Attacks have Mexicans heading south of the border
November 28, 2001
The Sept. 11 attacks have had a devastating effect on communities on both sides of the 2,000-mile-long U.S.-Mexico border.
Following the attacks, the federal government instituted stricter border crossing procedures for those entering the United States.
Those who wanted to travel into the United States from Mexico had to wait as long as four hours. Before, the line normally took half an hour. Although the waiting time has recently decreased, crossing the border remains an uncertain process here in El Paso, Texas, where more than 1 million vehicles cross monthly and about 18,000 people walk across the bridges every day.
Prior to the attacks, thousands of Mexicans came to the United States on a daily basis to purchase everything from food to clothes to household furniture. But now, American businesses along the border have seen a huge decrease in the number of Mexican shoppers.
And business is on the decline in Mexican border cities. American tourists, put off by the difficulty in returning to the United States, are staying away.
For decades, Americans regularly visited Mexican border cities for medical care, to purchase household goods and to go sightseeing. Some shops have seen more than a 90 percent drop in revenue, according to the El Diario newspaper in Ciudad Juarez, Mexico.
Mexican workers in the United States are also experiencing the distressing consequences of Sept. 11. The Wall Street Journal recently reported that 350,000 Mexicans have returned home since Sept. 11.

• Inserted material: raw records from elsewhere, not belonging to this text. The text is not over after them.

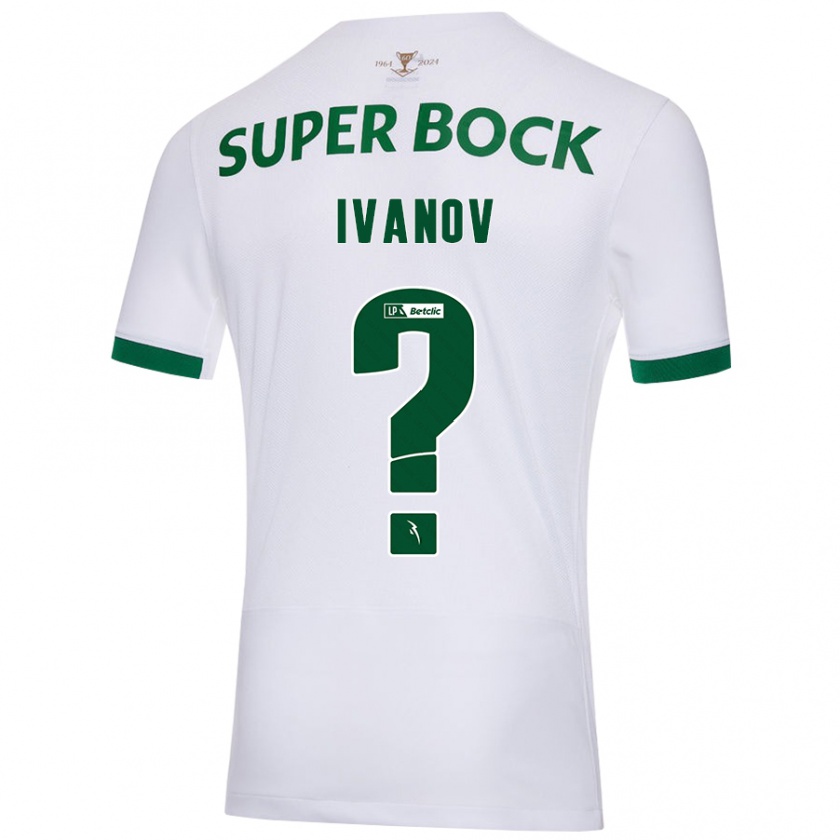 Kandiny Enfant Maillot David Ivanov #0 Blanc Vert Tenues Extérieur 2024/25 T-Shirt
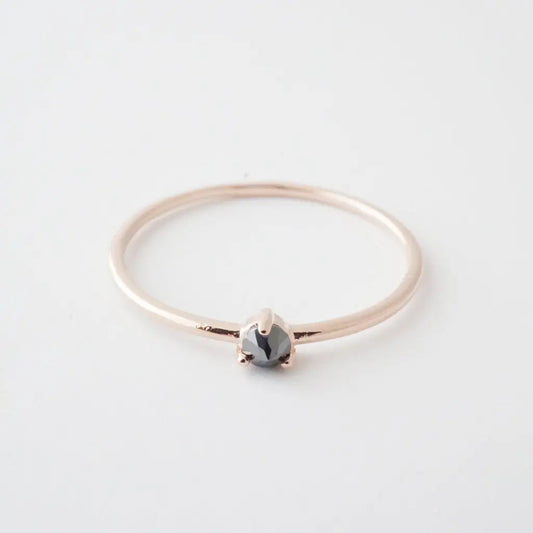 Iron Ore Crystal Point Solitaire Ring — Dainty Stacking Minimalist Band - Rings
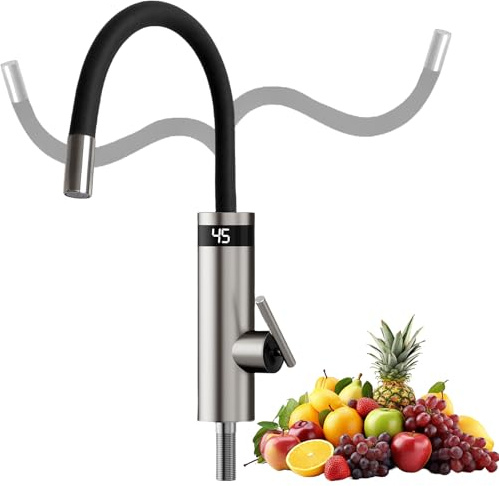 Robinet Chauffant Instantané, 3000W Robinet De Chauffage électrique Instantané avec LED, Rotatif à 360° Intelligent Robinet Electrique pour Cuisine,Salle de Bain,Jardin, Balcon[Classe énergétique A]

Many Mexican workers are leaving the United States because the industries that employed them -- especially service industries connected to tourism -- have been hard hit. Others fear that another terrorist attack could lead to a complete closing of the border, trapping them in the United States.

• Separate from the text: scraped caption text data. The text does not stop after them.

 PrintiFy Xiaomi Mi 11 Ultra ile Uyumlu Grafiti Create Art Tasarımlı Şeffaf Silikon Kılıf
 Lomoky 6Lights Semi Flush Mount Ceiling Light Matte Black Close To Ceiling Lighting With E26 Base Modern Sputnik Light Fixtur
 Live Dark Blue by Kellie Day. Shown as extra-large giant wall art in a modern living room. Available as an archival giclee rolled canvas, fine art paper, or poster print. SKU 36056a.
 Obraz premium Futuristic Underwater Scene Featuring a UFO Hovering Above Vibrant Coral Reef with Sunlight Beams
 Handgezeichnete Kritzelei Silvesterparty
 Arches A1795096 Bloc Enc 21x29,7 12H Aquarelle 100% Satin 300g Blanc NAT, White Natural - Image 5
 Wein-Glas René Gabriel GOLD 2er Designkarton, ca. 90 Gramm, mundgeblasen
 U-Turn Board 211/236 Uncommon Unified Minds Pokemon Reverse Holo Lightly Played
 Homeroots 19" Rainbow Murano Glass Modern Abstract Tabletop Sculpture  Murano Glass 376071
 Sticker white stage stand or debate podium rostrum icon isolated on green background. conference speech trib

The U.S. economy has long depended on the labor of millions of Mexican workers. In the first half of the 20th century, Southwestern industries, such as construction, agriculture and mining, were built on the backs of Mexican immigrant workers. American business and U.S. immigration policy have encouraged the migration of Mexican workers to the United States.
As Mexican workers continue to contribute to the economic development of this nation in exchange for low wages, American businesses continue to make huge profits off their work.

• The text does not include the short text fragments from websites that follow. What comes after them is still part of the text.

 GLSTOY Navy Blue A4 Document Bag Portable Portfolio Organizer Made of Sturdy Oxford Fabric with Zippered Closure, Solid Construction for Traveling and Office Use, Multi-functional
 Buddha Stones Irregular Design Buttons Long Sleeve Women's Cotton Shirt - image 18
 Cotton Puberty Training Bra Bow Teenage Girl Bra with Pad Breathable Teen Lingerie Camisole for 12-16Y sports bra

In turn, Mexico depends on the money sent back home from Mexican workers living in the United States. But as workers return to Mexico because of Sept. 11 and the U.S. recession, the situation has only worsened.
If we have learned anything about U.S.-Mexico relations in the weeks following Sept. 11, it is that we are two nations that depend on each other in fundamental ways. It is time we recognize the importance of Mexican workers in the United States.